The trial judge then questioned the juror, and learned the one call wasn't all:
After consulting with counsel, the jury foreperson, Cynthia Wilson, admitted to calling not only WSPA, but also two other television stations while the trial was in progress. Wilson claimed that she made the calls in an effort to have the media do a profile piece on the dangers of shopping alone at malls.

When the phone records came out, there was even more. "Wilson made a six-minute call to WSPA, two one-minute calls and a four-minute call to WHNS Asheville, a two-minute call to WYFF in Greenville, a two-minute call to the Greenville News, and a one-minute call to the Spartanburg Herald. These latter two calls to newspapers had not been reported by Wilson during her initial testimony." And more: "seventy-one calls between her and two other jurors from September through October 2004," including calls on days of critical testimony. But Ms. Wilson insisted no one had given her any information (including her husband, who admitted he had researched the case). Somehow in the nine different post-verdict hearings on this issue in the district court, no one asked her what she told the other jurors in her 71 calls with them.

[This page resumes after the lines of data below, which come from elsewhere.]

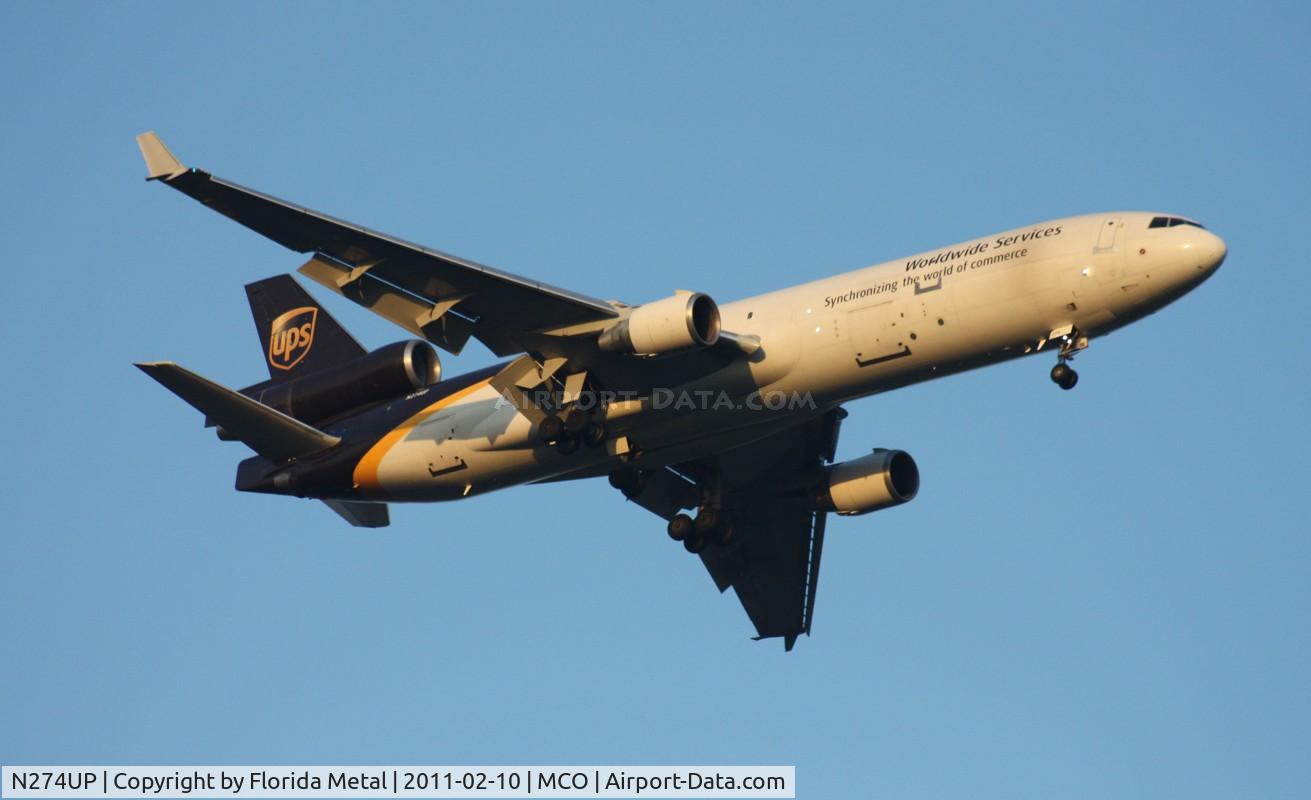 N274UP, 1994 McDonnell Douglas MD-11F C/N 48575, UPS MD-11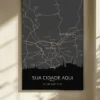 Quadro Horizontes da Sua Cidade - Personalizado A3 Vertical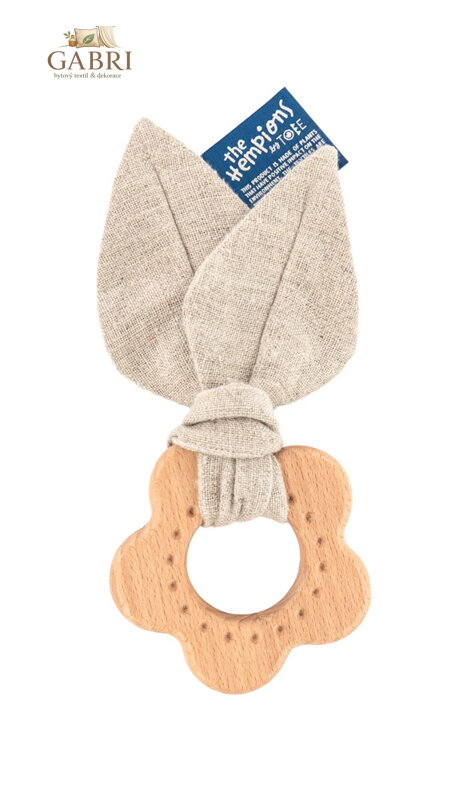 Bajo Kousátko konopné Květinka béžová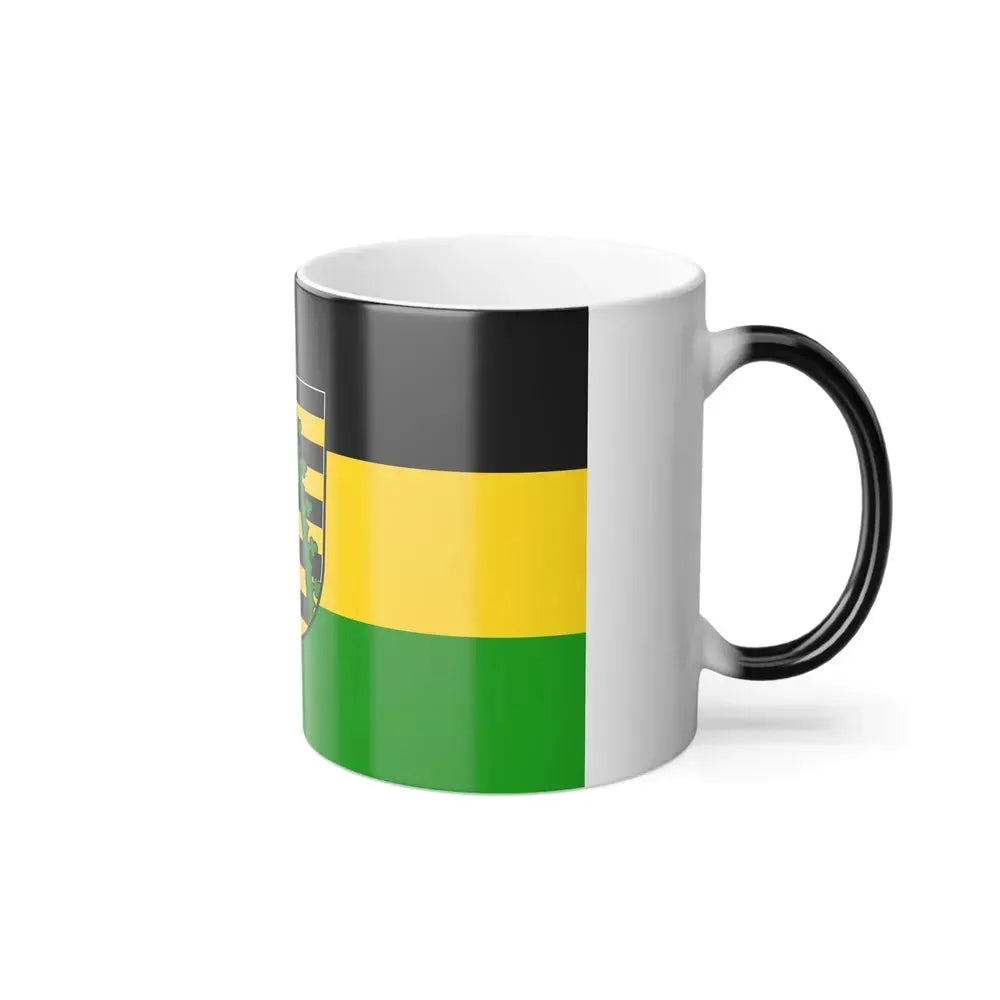 Flag of Coburg Germany - Color Changing Coffee Mug - Go Mug Yourself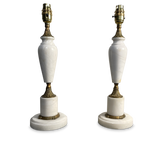 Pair of Marble Lamps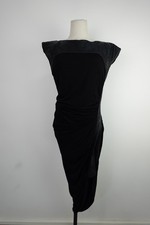 ELISABETTA FRANCHI ABITO VESTITO DONNA TG 48 DRESS WOMAN ITALY ASIMMETRICO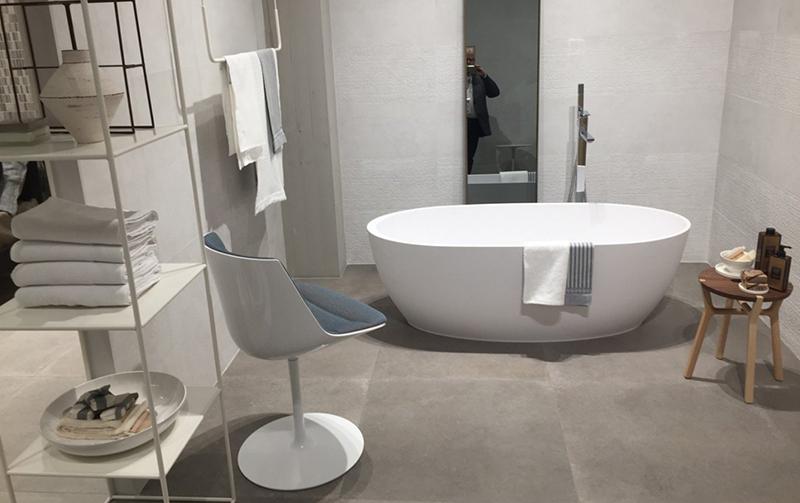 Carrelage grand format salle de bain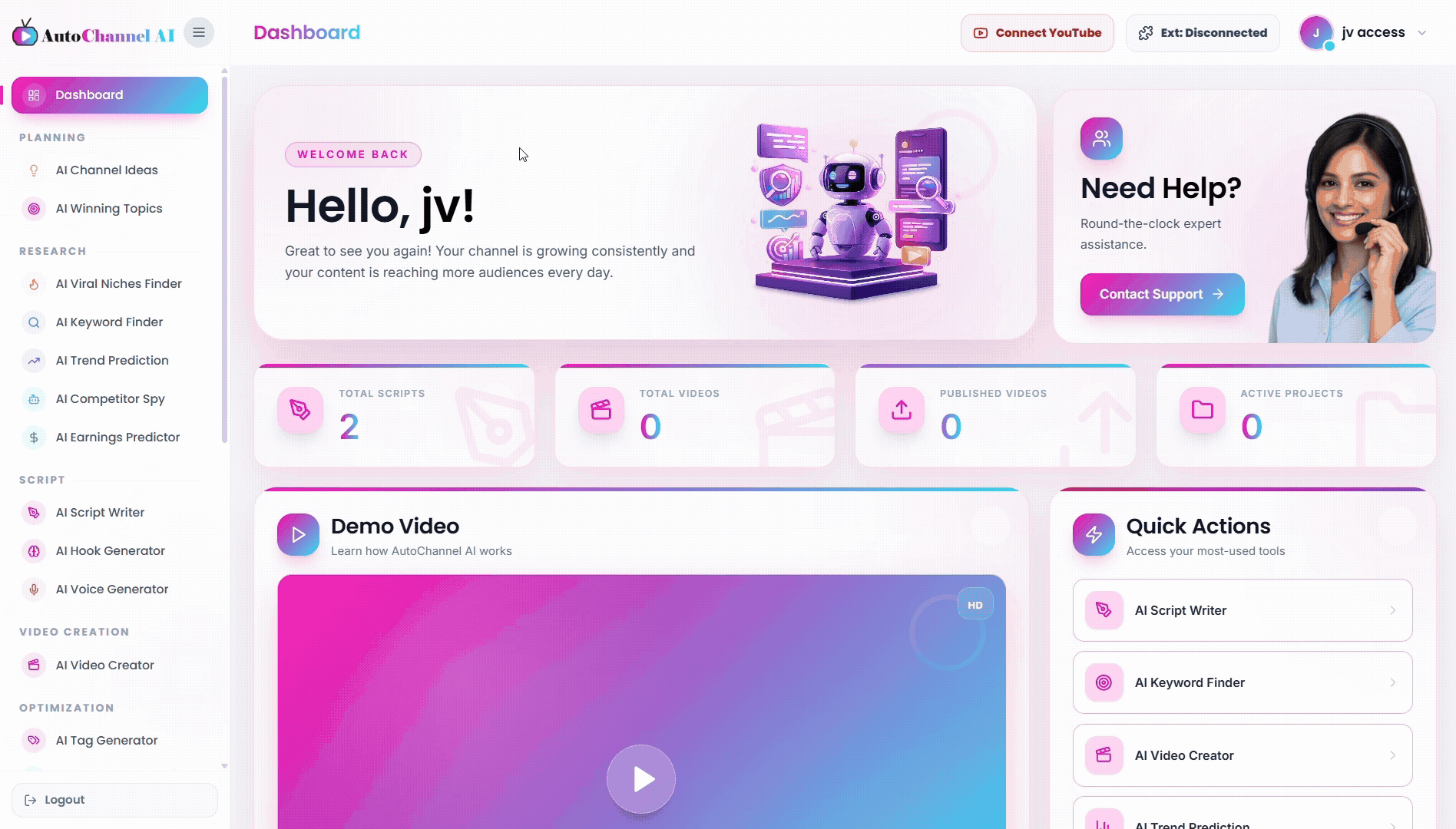 AutoChannel AI SEO Optimization Module - Real-Time Demo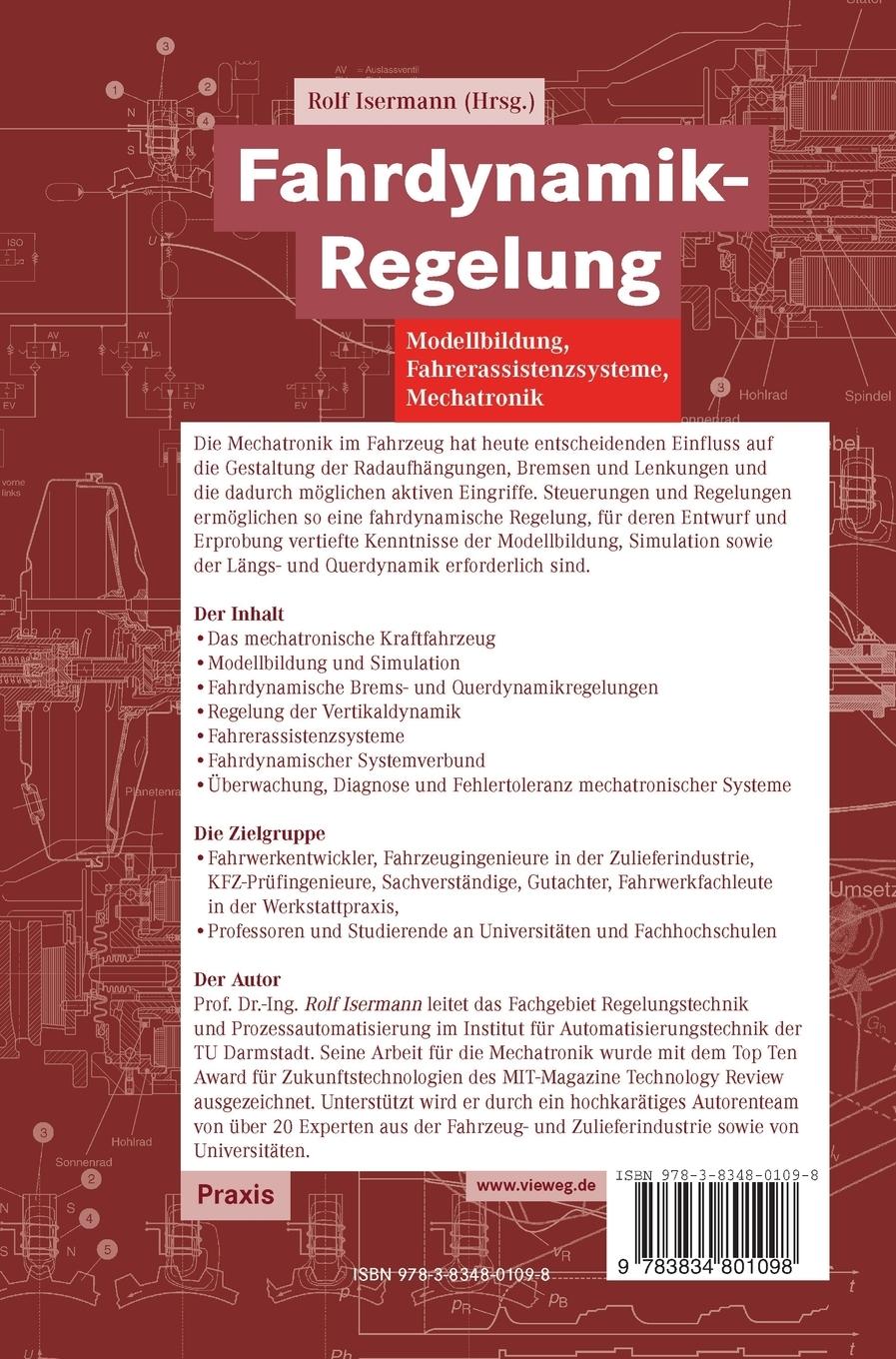 Rückseitencover Fahrdynamik-Regelung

The Fourth Circuit started by recognizing its own rule that when jurors communicate inappropriately, prejudice is presumed, and new trials are ordered unless the Government shows there is "no reasonable possibility that the jury’s verdict was influenced by an improper communication." The Court went on to hold that the Government had established just that, because Ms. Wilson had only sent information out, not brought it in:

First, the extent of the communication, the most important factor, was minimal; several phone calls to different media outlets, none lasting longer than six minutes. The district court found there was "no showing" that the media outlets even provided any information to Wilson. [Citations omitted here and throughout this excerpt]. To the extent Wilson received any information, it was a statement from the WSPA news producer Shannon Mays that she had covered the case in Indiana when Basham and Fulks escaped; such information was obviously cumulative of what the jury had already heard. In addition, the district court found "no evidence" that Wilson "informed the other members of the jury about the phone calls."

We admit the timing of the communication, right before jury instructions, is troubling. Courts rarely find external communication prejudicial, however, where, like here, the communications are "devoid of substantive content." Given the district court’s express finding that Wilson received no substantive information during these phone calls, we cannot say that the district court abused its discretion in denying Basham’s motion for a new trial.

The opinion does not discuss whether Ms. Wilson's campaign for press attention might itself cast doubt on her impartiality, whether or not she learned anything as she pursued it. Instead, like most juror impartiality opinions, this one turns on two things: explicitly, the quality of the trial court's inquiry ("a textbook model," said the court) — and implicitly, the horror of the underlying facts.